With college students you have several advantages. An active existing college community means there are many resources available and existing relationships with possible sponsors and partners. You often have access to a bit more of an initial investment, along with a really big group to work with who can do most of the planning and set-up.
Sales can really be unique for the college crowd, given a little more leeway on what participants can do. Having more resources available such as art departments and school papers means easier advertising to a wide audience along with the chance to use some fun ideas.
While car washes are popular, you can also have students put together a calendar for the cheerleading or football team. Raffle off prizes you already have on hand like a team helmet signed by the quarterback. Auctioning students off for a day is another crowd pleaser, and with supplies in the art department you can set up a puppet show and sell tickets.
Competitions are a good opportunity to get staff, and especially faculty involved. Here you can have students donating time to force faculty to do stunts, which means fun for students and crowds alike. Get kids sponsored for tournaments or endurance tests like marathons, skipping contests, or trivia face-offs. Then have staff swear to shave their head, swallow raw eggs, or wear stupid costumes once sponsorships hit a certain level.
Video gaming is also popular for the college crowd, and you can work with the audio-visual department and students own game systems to make it happen. Round up some televisions, consider renting several copies of a game and borrowing some systems, and have it projected on screens for the crowds to watch. Set this up in the student union building, talk with your existing fast-food and coffee vendors, and make a night of it.

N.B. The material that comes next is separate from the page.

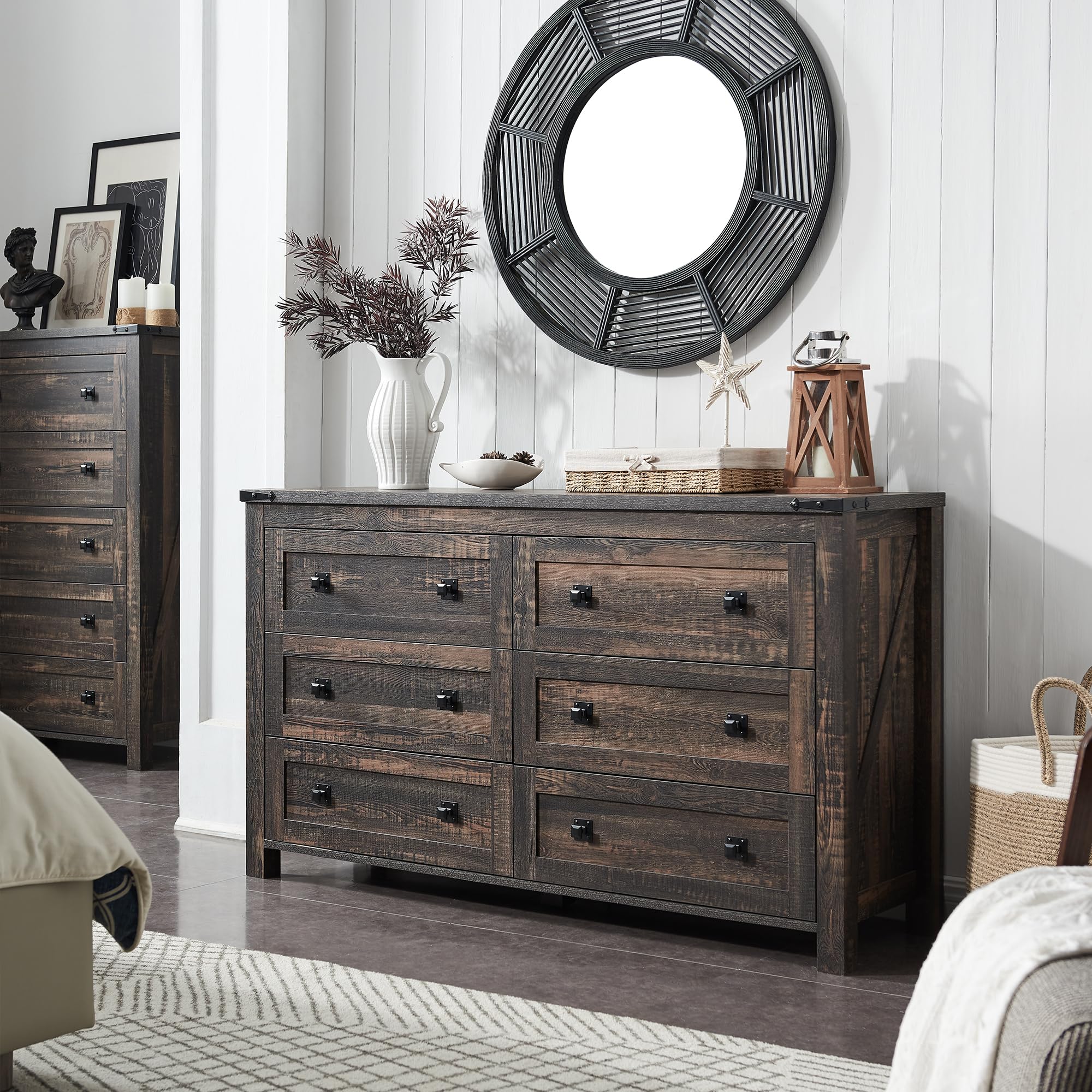 6 Drawer Dresser for Bedroom, 54 Inch Wide Rustic Wood Dresser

The college crowd offers a great opportunity to take examples directly from television shows such as Survivor, and will appeal to those who are glued to their favorite episodes. Set up obstacle courses with the help of the sports department, make your own “So You Think You Can Dance”, or work with the culinary department to set up your own “Hell’s Kitchen”. Sell tickets, ask for sponsors, and advertise in your college papers and community.
Errands are another fundraising tool that works well with college students who often have more mobility (cars and existing bus passes) and can do harder work such as house-painting or snow-shovelling. Get students to donate a few hours to helping people move, walk dogs, or clean up trash. Community involvement is always a big winner and allows students to rack up some volunteer experience as well as helping with fundraising. Town councils, local businesses, and other community groups will sponsor in exchange for getting their name out there.

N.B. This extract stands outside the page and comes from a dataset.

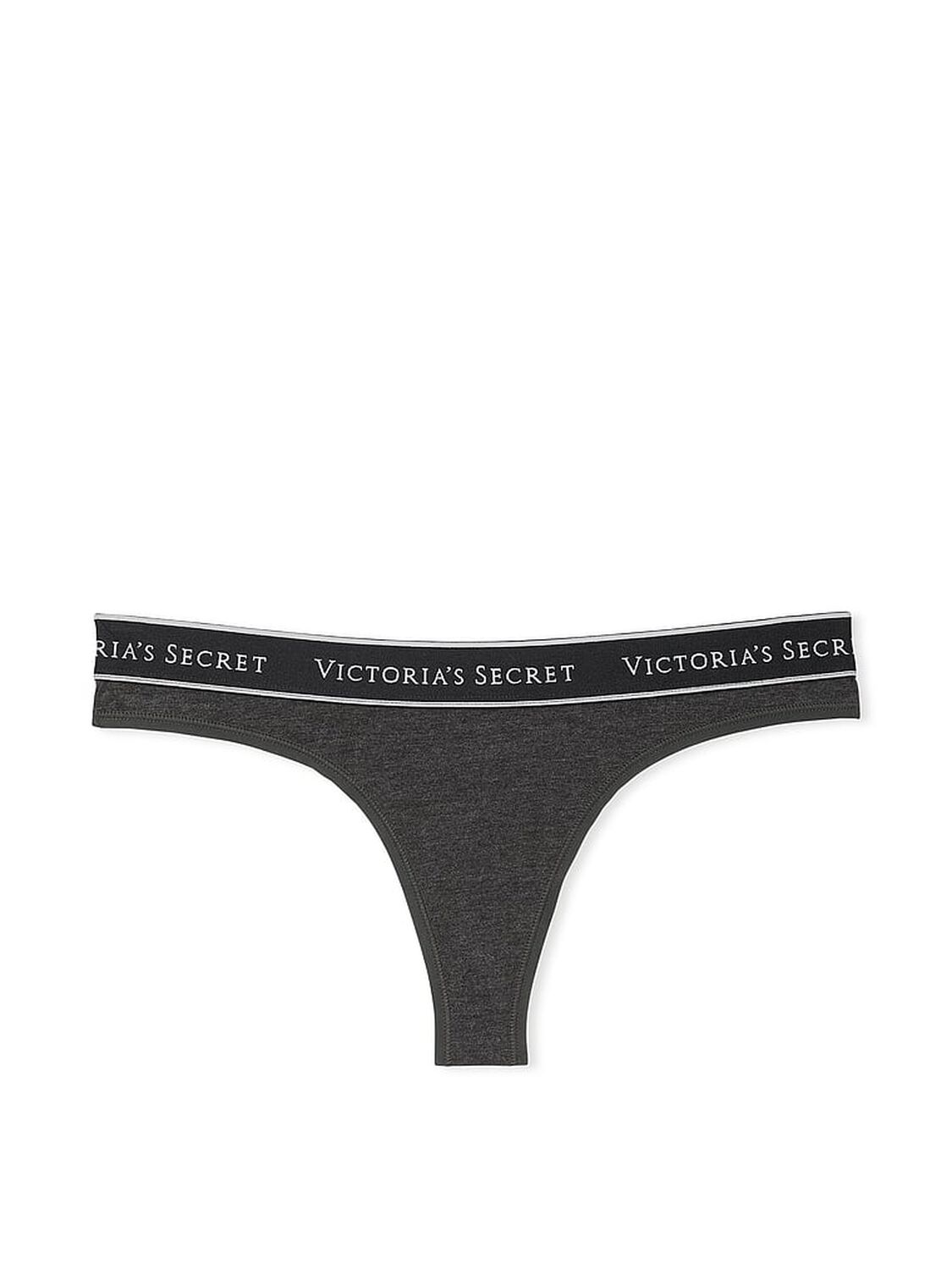 vs Cotton Logo Cotton Thong Panty Charcoal Grey 3 of 3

Events and workshops make a great opportunity to combine existing relationships with college fundraising. Is a popular author coming to the bookstore and willing to come out to an event at your college as well as a favor, knowing that the added exposure is great for them too? Will local businesses sponsor speakers for you, or even offer one of their own employees to do a talk one night? How about one of your well-known alumni; will they be willing to offer some time to a home-town event? Staff could also pitch in by offering one-night workshops or participating in special events. Can you partner with a favorite coffee shop to have your professors serve students one day?
Definitely see what members of the student union can offer as well. College students can arrange movie nights, pillow parties, dance lessons, or any hobby you can think of and invite everyone in town. Remember younger days by making gimp bracelets or having an 80’s party with scrunchies, big hair, and ripped jeans. The sports team can help people make bandannas in college colors. Grab computer programming students and some projection equipment to host a “beginners guide to the ‘net” workshop.
Maybe the fashion department can help make costumes, or arts can help make decorations. This is an excellent time to encourage students to gather volunteer work on their resume, and businesses to contribute for some media attention. Canvas departments and think of ways each can find a way to fundraise that is fun and matches the department’s focus. For example, student nurses can “check vitals” for donations, culinary departments can donate baking results (that would be a good time to taste-test early on), and environmental students can clean up the park or have a bike-a-thon to raise awareness about alternative transportation.
Avoid the obvious, mundane, or so-completely-over-it fundraising activities that everyone has done time and time again. College students offer more opportunities to do something exciting, and will be more motivated by egg drops or head shaves then selling candy bars. Gaining participation will be easier when people aren’t rolling their eyes at yet another car wash. If you have to go that route at least spice it up by getting the football players to do it in full gear (how easy do you think it’d be to cleaning up nooks and crannies with all that extra padding and helmets too?). Fun is foremost, and leveraging existing sponsorships and resources can make fundraising cooler.